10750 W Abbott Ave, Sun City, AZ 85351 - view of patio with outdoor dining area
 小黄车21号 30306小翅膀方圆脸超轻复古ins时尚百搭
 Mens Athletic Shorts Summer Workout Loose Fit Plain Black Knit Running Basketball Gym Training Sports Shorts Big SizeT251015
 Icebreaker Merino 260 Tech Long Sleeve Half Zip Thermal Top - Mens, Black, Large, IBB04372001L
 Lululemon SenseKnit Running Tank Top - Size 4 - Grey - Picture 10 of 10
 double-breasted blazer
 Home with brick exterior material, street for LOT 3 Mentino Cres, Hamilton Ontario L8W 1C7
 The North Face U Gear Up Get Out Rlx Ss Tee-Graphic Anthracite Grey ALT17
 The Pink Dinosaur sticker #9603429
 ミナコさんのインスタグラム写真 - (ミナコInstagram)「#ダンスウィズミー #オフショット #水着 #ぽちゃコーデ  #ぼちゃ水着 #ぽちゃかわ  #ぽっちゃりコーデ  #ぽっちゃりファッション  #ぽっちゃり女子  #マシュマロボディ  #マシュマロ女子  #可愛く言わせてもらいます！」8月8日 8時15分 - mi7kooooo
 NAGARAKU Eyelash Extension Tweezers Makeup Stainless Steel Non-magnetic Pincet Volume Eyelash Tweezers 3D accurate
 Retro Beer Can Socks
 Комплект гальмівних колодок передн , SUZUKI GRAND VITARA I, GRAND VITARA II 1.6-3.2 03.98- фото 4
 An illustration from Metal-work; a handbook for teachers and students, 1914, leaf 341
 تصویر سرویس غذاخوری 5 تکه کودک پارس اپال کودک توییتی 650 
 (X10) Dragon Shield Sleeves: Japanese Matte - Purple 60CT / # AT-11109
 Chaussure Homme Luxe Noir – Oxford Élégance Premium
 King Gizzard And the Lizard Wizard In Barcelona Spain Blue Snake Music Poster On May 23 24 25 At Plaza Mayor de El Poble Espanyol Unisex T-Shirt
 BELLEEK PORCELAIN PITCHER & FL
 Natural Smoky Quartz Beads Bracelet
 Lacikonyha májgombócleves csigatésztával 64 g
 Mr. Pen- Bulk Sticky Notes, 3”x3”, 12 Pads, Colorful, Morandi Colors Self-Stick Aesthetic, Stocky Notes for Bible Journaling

# To do:
Lines with "Grey": copy every one of them from the listing above.

# Output:
 Lululemon SenseKnit Running Tank Top - Size 4 - Grey - Picture 10 of 10
 The North Face U Gear Up Get Out Rlx Ss Tee-Graphic Anthracite Grey ALT17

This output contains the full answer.